SL: You need to understand that a couple of years ago there were only just five or ten of the early adopters on this algo trading market in the whole world. They were able to build everything themselves and the reward was high because there were no offerings really on the market. But now, companies such as QuantHouse exist and it’s getting more and more complex for clients to deal with this kind of technology themselves. Just for market data with our QuantFEED product line, we are looking at around 40 or 45 exchanges here at QuantHouse and we have an average of one to two major changes every week to manage, whether it’s a protocol change from the exchange, an infrastructure change from the exchange, a data center move from the exchange, a symbology modification from the exchange, or whatever.
And when I say more and more complex to maintain, it’s not only at the infrastructure level but also at the software level. So the cost to enter this market, if you want to build it yourself, is getting higher and higher.

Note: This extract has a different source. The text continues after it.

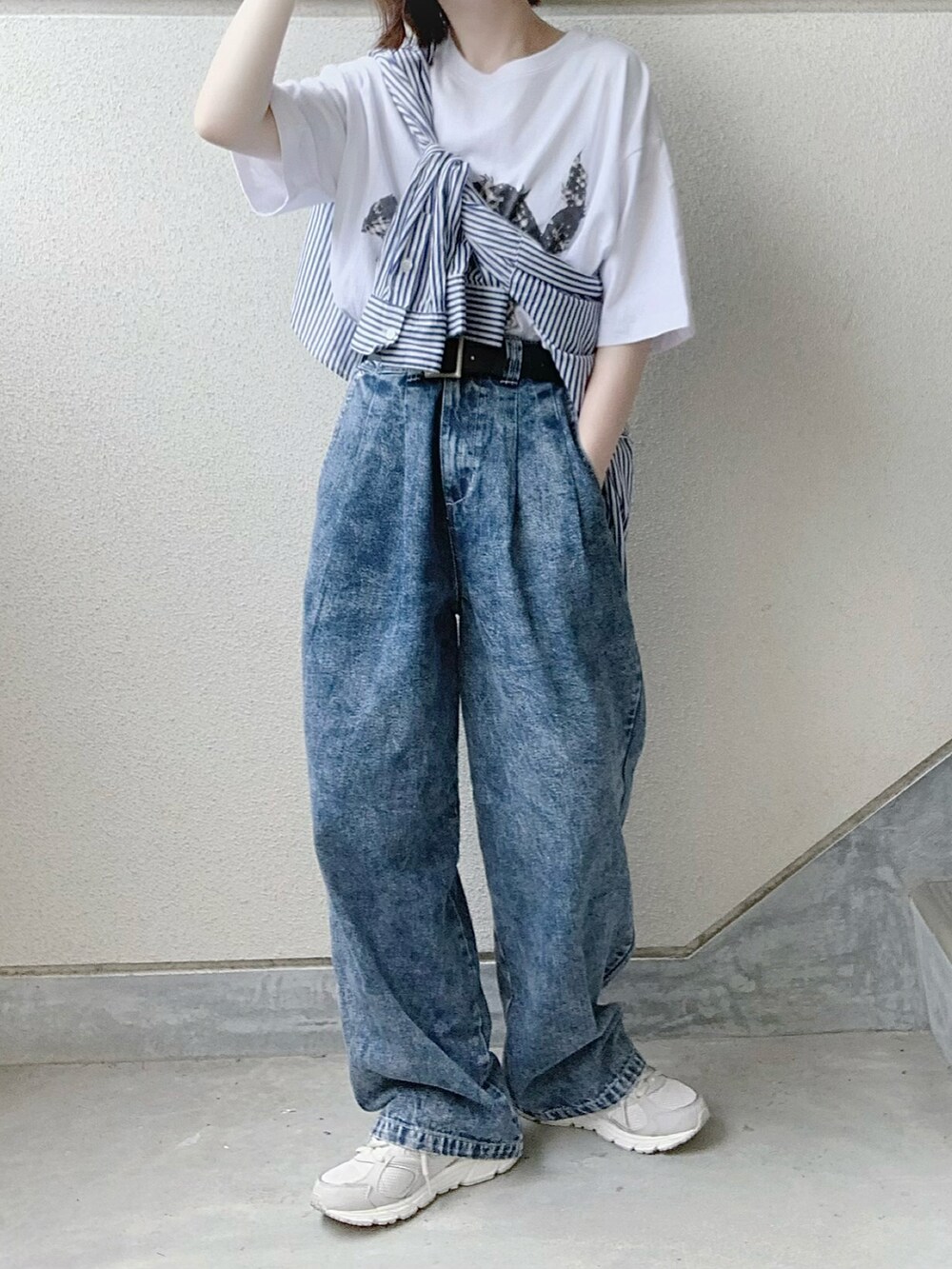 ブルー系のデニムパンツ、グレー系のTシャツ/カットソー、ブルー系のシャツ/ブラウスを着用したレディースの夏コーディネートの3枚目の写真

One of the key values we offer to new entrants, or to clients who want to just change their business model, is that we allow them to have the latest performance in terms of technology, without the burden of developing it and maintaining it. The total cost of ownership includes the cost of development, the cost of maintenance, the cost of infrastructure and all sorts of other associated costs. And if you add to that all the connectivity costs the different exchanges are asking you to pay for, at the end of the day it runs into millions. This, together with the accelerated time to market, favors the buy versus build approach. This is the reason why a lot of clients are coming to us to help them to out-task their existing technology, so they are able to allocate their existing precious resources and people on value added services.
HFTR: Thank you Stephane.
In his role as Global Head of Sales and Marketing at Quant House, Stephane Leroy is responsible for developing and executing the company sales and marketing strategies. Before joining QuantHouse, Leroy was Area Manager for BT Radianz where he established and developed the BT Radianz activity since its formation in 2000 throughout Continental Europe. Mr. Leroy began his career in 1992 at Borland, where he held several marketing positions. He then joined AT&T Global Information Solutions France as a marketing and sales manager. He moved later on to NCR Global Services (formerly called AT&T Global Information Solutions) to become the Head of Global Account Sales for Europe. Leroy divides his time between the U.K., the US and Continental Europe. Mr Leroy holds a Master of Computer Science Engineering and Mathematics from ESME/SUDRIA of Paris. He holds also a Master of Strategic Marketing from HEC Paris.